When Minor arrived at Notre Dame in 2015, Cheryl Snay, curator of European art at the Snite Museum of Art, pulled some drawings based on Minor’s research interests. One was a Piranesi drawing, and when Minor turned it over, she found a printed text.
“This was very exciting because I knew that just a few months prior, Princeton University had acquired another sheet by the artist that also had text on its back,” Minor said.
Starting with the idea that the drawings must be made on pages from a book, she began reconstructing these passages about tombs, which included italicized text signaling content quoted from other sources.
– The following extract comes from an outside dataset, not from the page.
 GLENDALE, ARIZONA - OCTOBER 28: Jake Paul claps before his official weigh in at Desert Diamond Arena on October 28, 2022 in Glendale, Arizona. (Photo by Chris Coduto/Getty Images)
There were also spelling mistakes, suggesting the drawings were made on discarded proof pages for a book, not a finished product.
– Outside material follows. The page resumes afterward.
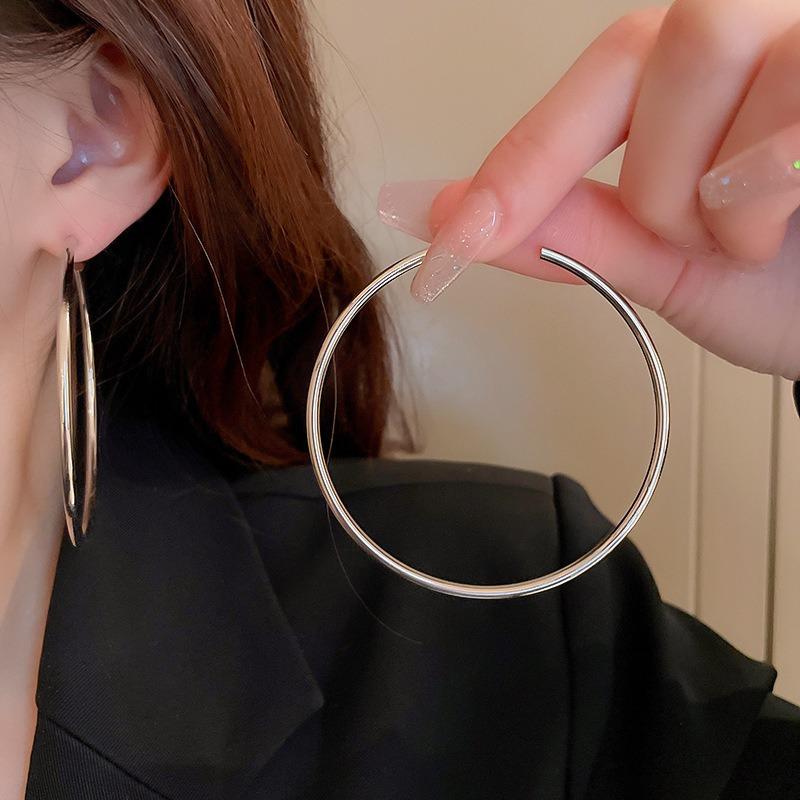 Silver Needle Diamond-set Geometric Circle Earrings Temperament Light Luxury High-end Earrings Personalized Design Cold Wind Earrings Wholesale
Thus began a multi-continent, multi-scholar collaboration to study the backs of Piranesi drawings, many of which are located in London, Berlin and New York. Minor said it was essential to go and physically see the objects; in order for Piranesi to print a text or image on paper, the paper had to be damp, which is why his drawings had to have been done last.
What Minor and colleagues found in these works was the artist telling them about his work and his life — his art.
“Most of these drawings show men working in Piranesi’s print shop, and he’s sitting there with a scrap paper pile next to him, doodling, looking at the guy who is hanging up wet prints on a clothesline, or working on a copperplate while wearing the heavy apron to keep acid off him,” Minor said.
On these pieces of waste paper, Minor said, Piranesi sketched images of men printing on paper, with the visual effect of sitting next to the artist, looking over his shoulder in his studio.
“If we stop looking at these drawings as loose sheets of paper and think about them as designed to be pages of books that go with other printed images, that can open up a new way of seeing the career of one of the 18th century’s great artists,” Minor said. “Bookmaking was his primary medium, not printmaking.”
These findings have significant implications for museums and also collectors, Minor said, adding that Piranesi’s broad fan base includes such figures as Victor Hugo and Walt Whitman.
Beyond its impact on the art world, this research has broad interdisciplinary value because of the kinds of questions central to Piranesi’s work. Like many thinkers of his time, Piranesi was engaged in the process of distinguishing primary and secondary sources.
“‘How do we know what we know?’ is Piranesi’s core question across media, and he challenges us to think about what texts can teach us, and not to limit our view of what counts as evidence or a primary source,” Minor said.
Currently on sabbatical in Rome, Minor is working on a biography of Piranesi for a non-specialist audience.